_EXERCISE DETAILS_
Each line below must be set down exactly; omit any image you find.

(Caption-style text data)
==================================================

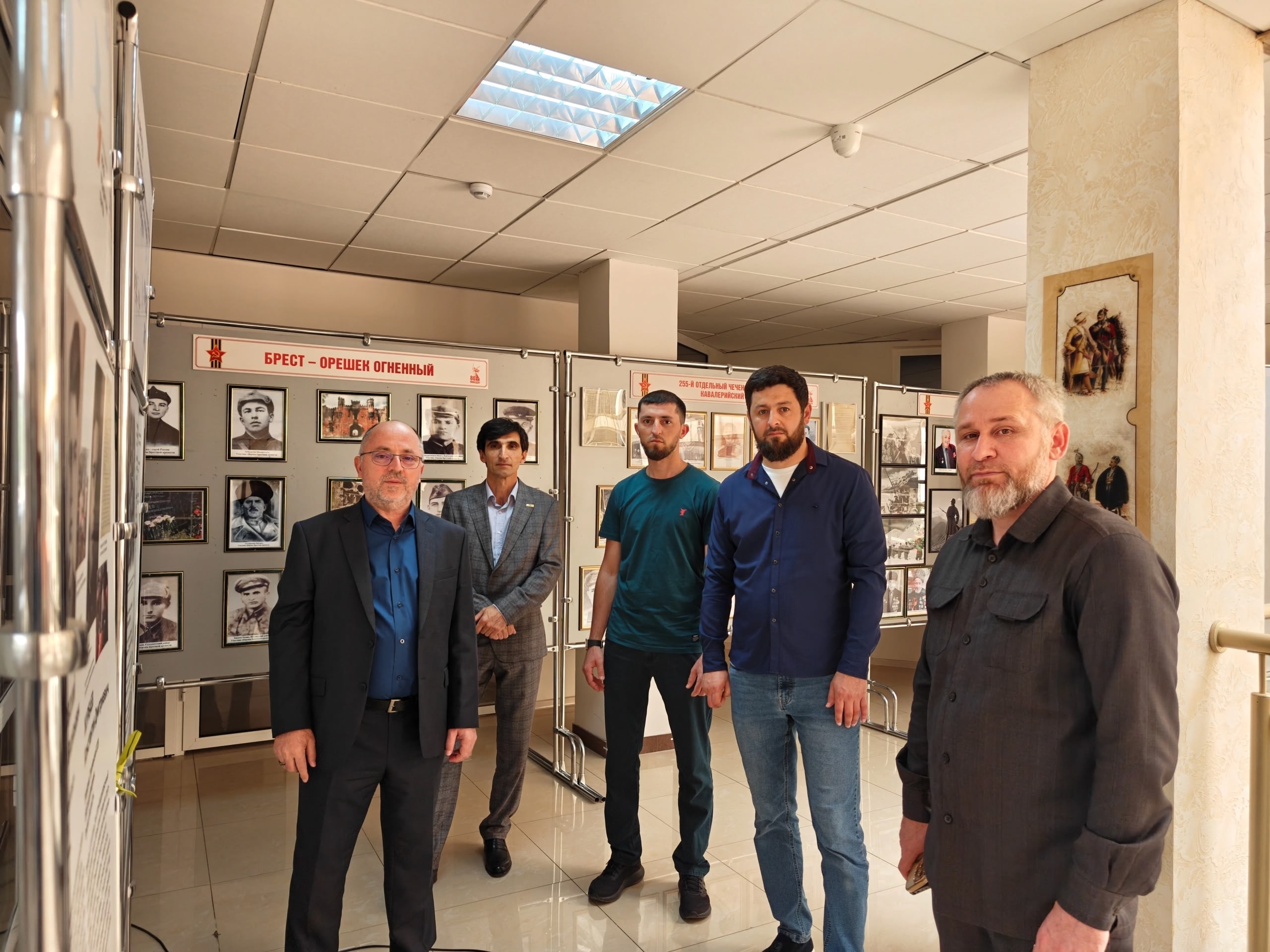 Пять членов проекта «Ушедшие в бессмертие» посетили обновленную выставку в Национальной библиотеке Чеченской Республики, посвященную 80-летию Победы СССР в Великой Отечественной войне над фашистской Германией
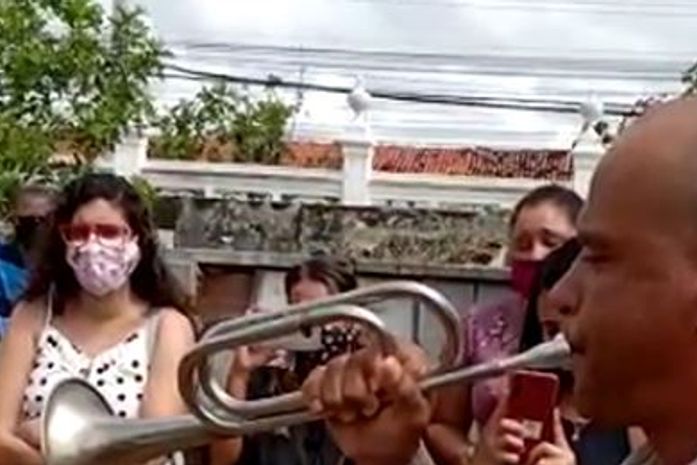 Comoção marca sepultamento de sargento da PM assasinado em Arapiraca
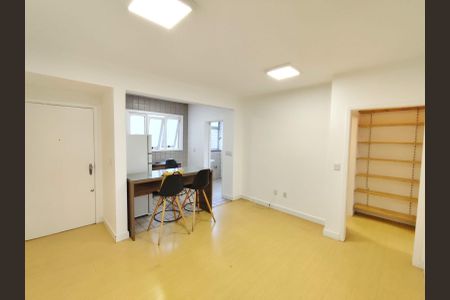 Sala de apartamento para alugar com 1 quarto, 48m² em Centro Histórico, Porto Alegre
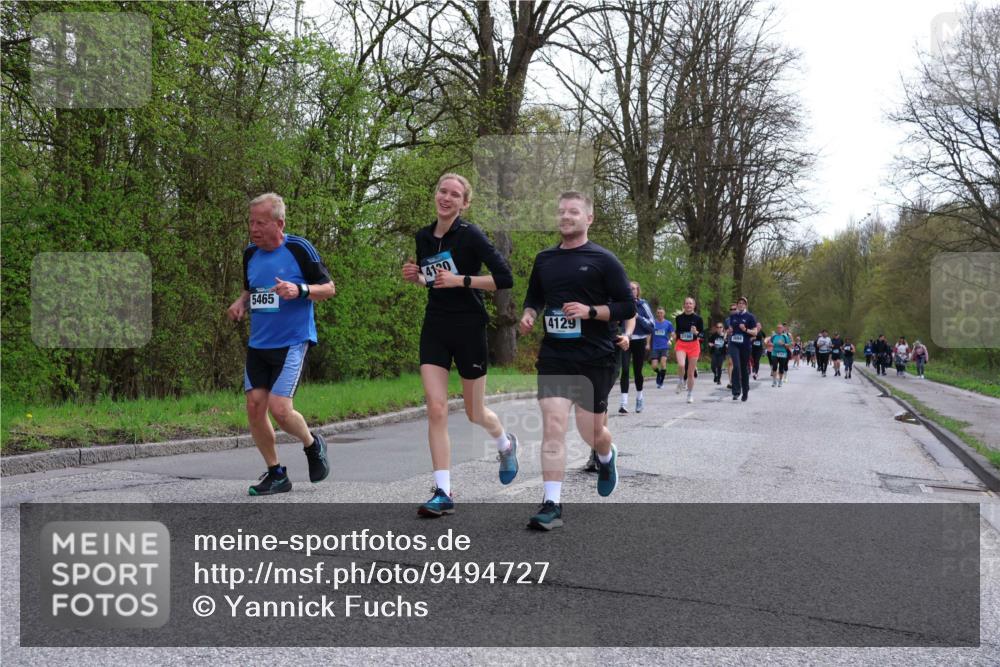 12.04.2026 - 45. Internationalen Wilhelmsburger Insellauf Yannick Fuchs http://msf.ph/oto/9494727 12.04.2026 13:04:39 Laufen 5465, 4130, 4129 meine-sportfotos.de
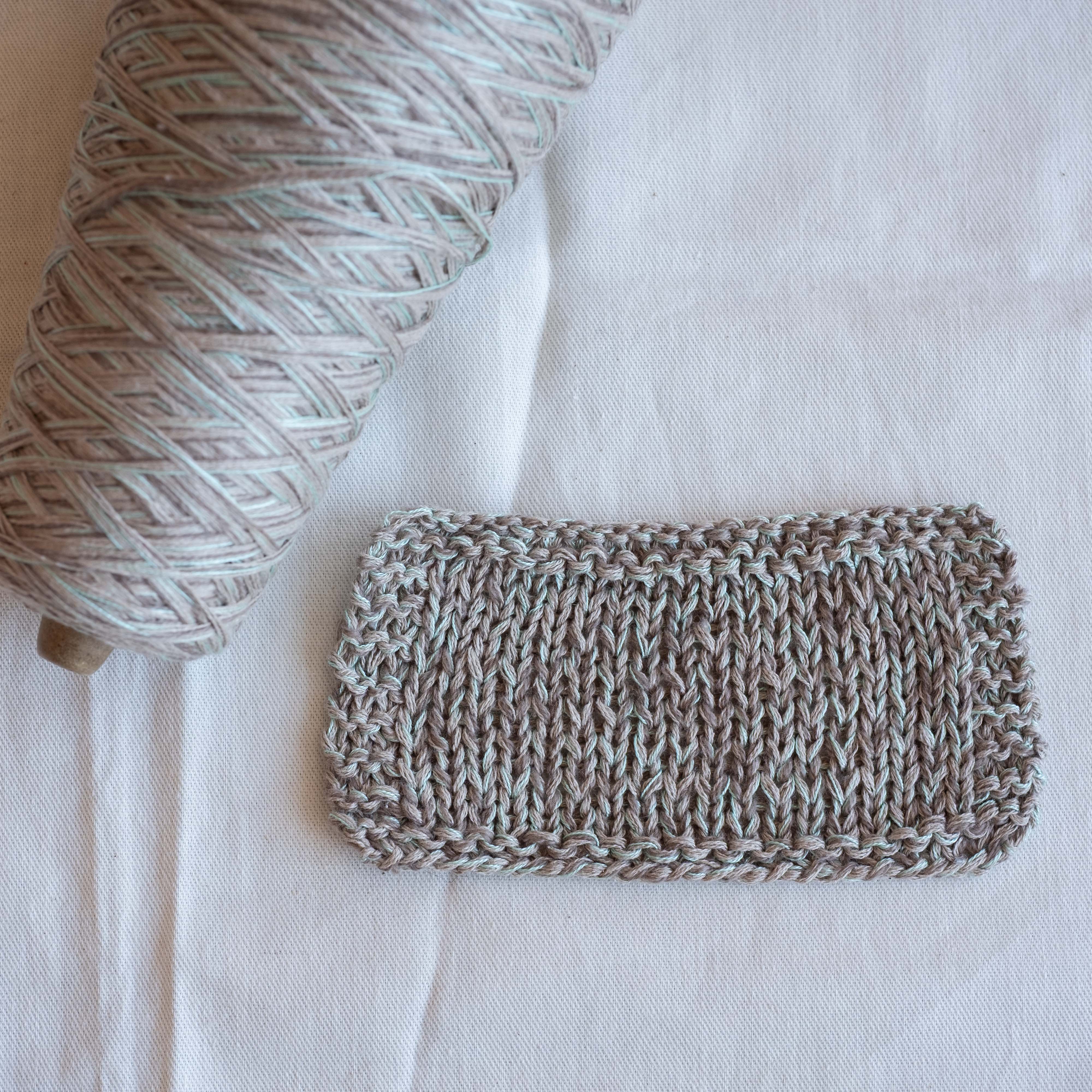 Smoky Quartz (Sport linen silk cashmere) (ITORICOT Concept Yarn)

==================================================

_WRITTEN REPLY_
 Пять членов проекта «Ушедшие в бессмертие» посетили обновленную выставку в Национальной библиотеке Чеченской Республики, посвященную 80-летию Победы СССР в Великой Отечественной войне над фашистской Германией
 Comoção marca sepultamento de sargento da PM assasinado em Arapiraca
 Sala de apartamento para alugar com 1 quarto, 48m² em Centro Histórico, Porto Alegre
 12.04.2026 - 45. Internationalen Wilhelmsburger Insellauf Yannick Fuchs http://msf.ph/oto/9494727 12.04.2026 13:04:39 Laufen 5465, 4130, 4129 meine-sportfotos.de
 Smoky Quartz (Sport linen silk cashmere) (ITORICOT Concept Yarn)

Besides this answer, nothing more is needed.